When the articles of incorporation have been filed with the Commissioner and the required fee has been paid to the Commissioner, it is presumed that all conditions precedent required to be performed by the incorporators have been complied with and that the corporation has been incorporated, and the Commissioner shall issue a certificate of incorporation to the corporation, but this presumption does not apply against Band in a proceeding to cancel or revoke the certificate of incorporation or to compel the involuntary dissolution of the corporation.

Historical and Statutory Notes

Source:
Band Statute 1202-MLC-16A, § 13.


CHAPTER 3

NONPROFIT CORPORATIONS


Subchapter

1. General Provisions
2. Incorporation and Articles

SUBCHAPTER 1

GENERAL PROVISIONS


Section

2001. Citation.
2002. Definitions.
2003. Scope of Chapter.
2004. Regulations.
2005. Foreign Corporations.

§ 2001. Citation.

This chapter may be cited as the Mille Lacs Band of Chippewa Indians nonprofit corporation act.

Historical and Statutory Notes

Source:
Band Statute 1077-MLC-16B, § I.

§ 2002. Definitions.

For purposes of this chapter, the terms in this section have the meanings given them, unless the language or context clearly shows that a different meaning is intended.

  • (a) “Address” means mailing address, including a zip code, except that in the case of a registered office, address means the mailing address and the actual office location, which may not be a post office box.

  • (b) “Band” means the Mille Lacs Band of Chippewa Indians.

  • (c) “Board of Directors” or “Board” means the group of persons vested with the general management of the internal affairs of a corporation, regardless of how they are identified.

  • (d) “Bylaws” means the code adopted for the regulation or management of the internal affairs of a corporation, regardless of how designated.

  • (e) “Commissioner” means the Commissioner of Corporate Affairs.

  • (f) “Corporation” means a corporation that is governed by this chapter. A corporation may not:

    • (1) be formed for a purpose involving pecuniary gain to its members, other than to members that are nonprofit organizations or subdivisions, units, or agencies of the United States or a tribal government or subdivision thereof; and

    • (2) pay dividends or other pecuniary remuneration, directly or indirectly, to its members, other than to members that are nonprofit organizations or subdivisions, units, or agencies of the United States or a tribal government or a subdivision thereof.

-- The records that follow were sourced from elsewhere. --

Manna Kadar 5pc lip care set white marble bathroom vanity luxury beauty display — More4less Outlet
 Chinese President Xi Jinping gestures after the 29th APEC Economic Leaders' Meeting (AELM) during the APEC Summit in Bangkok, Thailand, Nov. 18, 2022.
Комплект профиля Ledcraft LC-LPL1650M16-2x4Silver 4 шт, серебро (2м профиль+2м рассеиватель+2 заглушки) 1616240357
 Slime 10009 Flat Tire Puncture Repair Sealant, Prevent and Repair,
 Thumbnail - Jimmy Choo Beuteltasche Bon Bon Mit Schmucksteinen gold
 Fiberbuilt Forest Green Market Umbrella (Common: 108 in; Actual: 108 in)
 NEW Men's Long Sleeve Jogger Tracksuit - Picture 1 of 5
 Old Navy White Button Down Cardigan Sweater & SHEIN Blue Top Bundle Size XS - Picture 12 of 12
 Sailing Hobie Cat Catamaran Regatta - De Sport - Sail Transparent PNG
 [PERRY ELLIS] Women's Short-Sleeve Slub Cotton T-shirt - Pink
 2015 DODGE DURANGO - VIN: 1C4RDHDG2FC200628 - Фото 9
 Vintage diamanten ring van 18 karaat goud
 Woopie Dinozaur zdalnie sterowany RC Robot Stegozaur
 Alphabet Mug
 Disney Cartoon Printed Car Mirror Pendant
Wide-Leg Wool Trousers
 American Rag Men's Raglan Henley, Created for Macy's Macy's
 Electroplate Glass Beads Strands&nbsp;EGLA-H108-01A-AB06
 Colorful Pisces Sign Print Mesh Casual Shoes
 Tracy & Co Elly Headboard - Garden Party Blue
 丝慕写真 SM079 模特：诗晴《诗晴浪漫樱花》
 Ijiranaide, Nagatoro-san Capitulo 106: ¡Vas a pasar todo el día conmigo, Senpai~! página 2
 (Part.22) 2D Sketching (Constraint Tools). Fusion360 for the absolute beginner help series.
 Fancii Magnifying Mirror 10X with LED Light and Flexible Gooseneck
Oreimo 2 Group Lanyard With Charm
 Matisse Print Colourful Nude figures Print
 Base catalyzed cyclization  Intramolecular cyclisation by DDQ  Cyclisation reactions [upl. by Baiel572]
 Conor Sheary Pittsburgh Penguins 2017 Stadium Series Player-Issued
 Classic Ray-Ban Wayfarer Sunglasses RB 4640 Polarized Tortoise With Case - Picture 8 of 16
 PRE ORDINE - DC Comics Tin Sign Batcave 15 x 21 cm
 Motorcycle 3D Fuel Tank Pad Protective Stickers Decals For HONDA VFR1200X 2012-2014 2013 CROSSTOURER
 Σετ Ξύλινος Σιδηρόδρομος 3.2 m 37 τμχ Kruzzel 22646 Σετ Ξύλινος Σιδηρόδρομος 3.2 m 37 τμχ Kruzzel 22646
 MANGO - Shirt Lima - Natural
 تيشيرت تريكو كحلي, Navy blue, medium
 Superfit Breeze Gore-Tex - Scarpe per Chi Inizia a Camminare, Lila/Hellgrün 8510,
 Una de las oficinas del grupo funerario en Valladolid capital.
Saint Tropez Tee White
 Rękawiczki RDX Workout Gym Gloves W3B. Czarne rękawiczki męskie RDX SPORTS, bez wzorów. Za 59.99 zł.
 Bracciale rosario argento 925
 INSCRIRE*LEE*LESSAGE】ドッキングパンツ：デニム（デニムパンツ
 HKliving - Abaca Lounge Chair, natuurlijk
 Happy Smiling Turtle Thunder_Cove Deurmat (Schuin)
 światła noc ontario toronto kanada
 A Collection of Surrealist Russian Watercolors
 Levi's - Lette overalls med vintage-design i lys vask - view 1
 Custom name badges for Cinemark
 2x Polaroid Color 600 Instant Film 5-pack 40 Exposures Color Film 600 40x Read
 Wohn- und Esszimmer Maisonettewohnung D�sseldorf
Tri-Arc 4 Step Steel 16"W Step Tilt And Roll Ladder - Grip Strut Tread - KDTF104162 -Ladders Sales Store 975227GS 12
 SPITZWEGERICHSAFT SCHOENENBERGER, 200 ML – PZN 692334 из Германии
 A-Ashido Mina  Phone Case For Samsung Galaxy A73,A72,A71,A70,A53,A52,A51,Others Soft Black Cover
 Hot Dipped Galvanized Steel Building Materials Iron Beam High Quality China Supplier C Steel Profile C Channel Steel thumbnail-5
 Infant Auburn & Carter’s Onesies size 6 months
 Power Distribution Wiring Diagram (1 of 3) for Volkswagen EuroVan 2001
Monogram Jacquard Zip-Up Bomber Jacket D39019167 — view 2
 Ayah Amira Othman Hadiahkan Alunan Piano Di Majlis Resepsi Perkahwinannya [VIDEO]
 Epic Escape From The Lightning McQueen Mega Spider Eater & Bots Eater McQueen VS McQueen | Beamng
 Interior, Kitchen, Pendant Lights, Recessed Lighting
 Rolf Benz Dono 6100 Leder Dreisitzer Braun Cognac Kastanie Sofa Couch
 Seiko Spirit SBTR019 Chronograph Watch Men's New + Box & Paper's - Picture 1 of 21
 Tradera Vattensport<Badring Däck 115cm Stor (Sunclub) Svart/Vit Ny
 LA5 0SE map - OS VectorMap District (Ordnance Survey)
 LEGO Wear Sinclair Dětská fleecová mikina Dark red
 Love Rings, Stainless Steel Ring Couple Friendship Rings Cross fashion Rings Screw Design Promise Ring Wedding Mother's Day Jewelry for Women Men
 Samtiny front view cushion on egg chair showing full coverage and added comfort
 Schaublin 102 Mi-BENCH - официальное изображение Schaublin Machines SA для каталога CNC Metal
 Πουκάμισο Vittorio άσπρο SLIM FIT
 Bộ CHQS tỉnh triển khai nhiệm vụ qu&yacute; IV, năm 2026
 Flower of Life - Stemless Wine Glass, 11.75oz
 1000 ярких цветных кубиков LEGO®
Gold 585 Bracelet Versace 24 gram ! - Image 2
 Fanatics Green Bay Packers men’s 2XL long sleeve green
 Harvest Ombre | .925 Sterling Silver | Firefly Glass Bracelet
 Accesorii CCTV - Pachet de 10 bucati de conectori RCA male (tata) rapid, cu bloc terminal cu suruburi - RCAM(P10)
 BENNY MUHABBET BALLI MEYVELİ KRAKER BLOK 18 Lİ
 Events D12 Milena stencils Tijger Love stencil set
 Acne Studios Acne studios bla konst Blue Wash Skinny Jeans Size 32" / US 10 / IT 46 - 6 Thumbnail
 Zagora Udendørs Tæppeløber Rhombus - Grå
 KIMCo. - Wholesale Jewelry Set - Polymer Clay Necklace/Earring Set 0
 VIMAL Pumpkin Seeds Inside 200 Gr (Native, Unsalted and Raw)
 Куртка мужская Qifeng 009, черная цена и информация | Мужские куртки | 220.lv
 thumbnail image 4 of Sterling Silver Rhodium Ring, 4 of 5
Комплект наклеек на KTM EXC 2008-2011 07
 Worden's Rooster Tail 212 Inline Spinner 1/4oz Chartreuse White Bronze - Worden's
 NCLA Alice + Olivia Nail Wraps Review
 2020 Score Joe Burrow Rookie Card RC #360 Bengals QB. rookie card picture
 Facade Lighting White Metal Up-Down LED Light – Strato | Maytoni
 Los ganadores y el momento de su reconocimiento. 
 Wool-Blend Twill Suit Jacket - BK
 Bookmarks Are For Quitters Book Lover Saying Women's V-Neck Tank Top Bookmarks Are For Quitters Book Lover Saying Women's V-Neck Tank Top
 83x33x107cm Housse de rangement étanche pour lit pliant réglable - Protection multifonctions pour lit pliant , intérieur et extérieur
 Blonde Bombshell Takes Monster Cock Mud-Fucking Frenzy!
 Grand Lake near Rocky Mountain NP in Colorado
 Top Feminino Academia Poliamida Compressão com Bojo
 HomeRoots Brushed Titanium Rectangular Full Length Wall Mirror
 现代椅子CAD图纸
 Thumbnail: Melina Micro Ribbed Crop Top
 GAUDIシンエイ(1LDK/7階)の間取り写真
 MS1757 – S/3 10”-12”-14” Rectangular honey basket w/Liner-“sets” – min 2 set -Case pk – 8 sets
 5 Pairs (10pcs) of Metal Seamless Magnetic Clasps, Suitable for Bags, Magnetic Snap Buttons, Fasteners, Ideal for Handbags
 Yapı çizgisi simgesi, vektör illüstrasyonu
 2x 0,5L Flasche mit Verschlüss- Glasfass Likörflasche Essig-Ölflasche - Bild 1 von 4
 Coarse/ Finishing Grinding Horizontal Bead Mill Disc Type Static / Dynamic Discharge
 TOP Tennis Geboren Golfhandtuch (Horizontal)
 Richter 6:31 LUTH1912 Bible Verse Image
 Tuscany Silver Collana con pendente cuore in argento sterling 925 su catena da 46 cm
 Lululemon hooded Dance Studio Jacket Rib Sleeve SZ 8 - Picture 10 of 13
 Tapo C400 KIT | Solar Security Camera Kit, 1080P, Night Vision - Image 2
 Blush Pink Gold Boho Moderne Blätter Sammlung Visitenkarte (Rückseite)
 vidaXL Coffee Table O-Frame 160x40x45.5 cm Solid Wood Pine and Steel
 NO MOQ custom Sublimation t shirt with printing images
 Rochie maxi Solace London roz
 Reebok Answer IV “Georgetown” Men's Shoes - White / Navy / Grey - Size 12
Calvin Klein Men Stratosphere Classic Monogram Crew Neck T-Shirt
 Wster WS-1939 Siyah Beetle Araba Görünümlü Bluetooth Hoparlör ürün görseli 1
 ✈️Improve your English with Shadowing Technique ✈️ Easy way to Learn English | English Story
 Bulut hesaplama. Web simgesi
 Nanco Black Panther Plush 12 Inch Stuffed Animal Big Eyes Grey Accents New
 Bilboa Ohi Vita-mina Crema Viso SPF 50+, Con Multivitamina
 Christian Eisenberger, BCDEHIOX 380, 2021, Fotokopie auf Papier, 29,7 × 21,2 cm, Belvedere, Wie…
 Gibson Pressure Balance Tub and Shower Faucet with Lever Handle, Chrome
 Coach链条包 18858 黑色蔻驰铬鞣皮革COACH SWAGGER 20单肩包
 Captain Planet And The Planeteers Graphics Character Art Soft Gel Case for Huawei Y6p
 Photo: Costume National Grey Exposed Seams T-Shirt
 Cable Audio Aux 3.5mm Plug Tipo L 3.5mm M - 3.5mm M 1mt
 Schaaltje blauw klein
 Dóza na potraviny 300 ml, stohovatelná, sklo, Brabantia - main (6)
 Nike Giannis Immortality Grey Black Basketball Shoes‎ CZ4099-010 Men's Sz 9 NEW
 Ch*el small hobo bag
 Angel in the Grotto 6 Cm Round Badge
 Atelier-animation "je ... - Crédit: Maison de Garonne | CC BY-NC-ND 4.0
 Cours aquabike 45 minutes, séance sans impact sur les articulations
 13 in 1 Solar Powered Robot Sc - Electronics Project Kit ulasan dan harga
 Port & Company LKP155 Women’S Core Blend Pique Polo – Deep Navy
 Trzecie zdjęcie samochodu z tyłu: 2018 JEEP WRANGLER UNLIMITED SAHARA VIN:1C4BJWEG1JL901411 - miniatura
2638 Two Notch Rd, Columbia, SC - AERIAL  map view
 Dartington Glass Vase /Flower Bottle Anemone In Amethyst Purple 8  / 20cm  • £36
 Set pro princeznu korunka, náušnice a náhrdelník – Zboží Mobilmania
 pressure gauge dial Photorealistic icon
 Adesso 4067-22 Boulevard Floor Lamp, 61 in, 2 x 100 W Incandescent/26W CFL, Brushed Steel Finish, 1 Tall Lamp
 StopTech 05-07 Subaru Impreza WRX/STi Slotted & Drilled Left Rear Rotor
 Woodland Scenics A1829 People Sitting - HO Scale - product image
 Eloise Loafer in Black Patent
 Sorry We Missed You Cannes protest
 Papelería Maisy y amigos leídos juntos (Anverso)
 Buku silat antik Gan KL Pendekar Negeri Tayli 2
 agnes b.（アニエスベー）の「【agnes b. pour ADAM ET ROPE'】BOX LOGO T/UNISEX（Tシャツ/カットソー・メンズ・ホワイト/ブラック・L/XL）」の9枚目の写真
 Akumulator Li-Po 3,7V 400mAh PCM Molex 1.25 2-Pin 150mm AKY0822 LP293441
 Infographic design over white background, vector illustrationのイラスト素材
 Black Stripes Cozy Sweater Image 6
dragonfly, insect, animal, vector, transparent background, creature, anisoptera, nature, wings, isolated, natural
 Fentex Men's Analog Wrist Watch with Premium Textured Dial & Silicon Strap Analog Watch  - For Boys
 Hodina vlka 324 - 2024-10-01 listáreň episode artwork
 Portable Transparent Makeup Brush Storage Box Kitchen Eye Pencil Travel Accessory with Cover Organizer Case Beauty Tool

  • (g) “Director” means a member of the board.

  • (h) “Foreign corporation” means a corporation that is formed under laws other than the laws of this state.

  • (i) “Good faith” means honesty in fact in the conduct of an act or transaction

  • (j) “Member” means a person with membership rights in a corporation under its articles or bylaws, regardless of how the person is identified.

  • (k) “Members with voting rights” or “voting members” means members or a class of members that has voting rights with respect to the purpose or matter involved.

  • (l) “Officer” means a person elected, appointed, or otherwise designated as an officer by the board or the members, and a person considered elected an officer under this chapter.

  • (m) “Organization” means a domestic or foreign business or nonprofit corporation, partnership, limited partnership, joint venture, association, trust, estate, enterprise, or other legal or commercial entity.

  • (n) “Registered office” means the place within the jurisdiction of the Band designated in the articles of a corporation as the registered office of the corporation.

  • (o) “Written action” means a written document signed by all of the persons required to take the action. The term also means the counterparts of a written document signed by any of the persons taking the action. A counterpart is the action of the persons signing it, and all the counterparts are one written action by all of the persons signing them.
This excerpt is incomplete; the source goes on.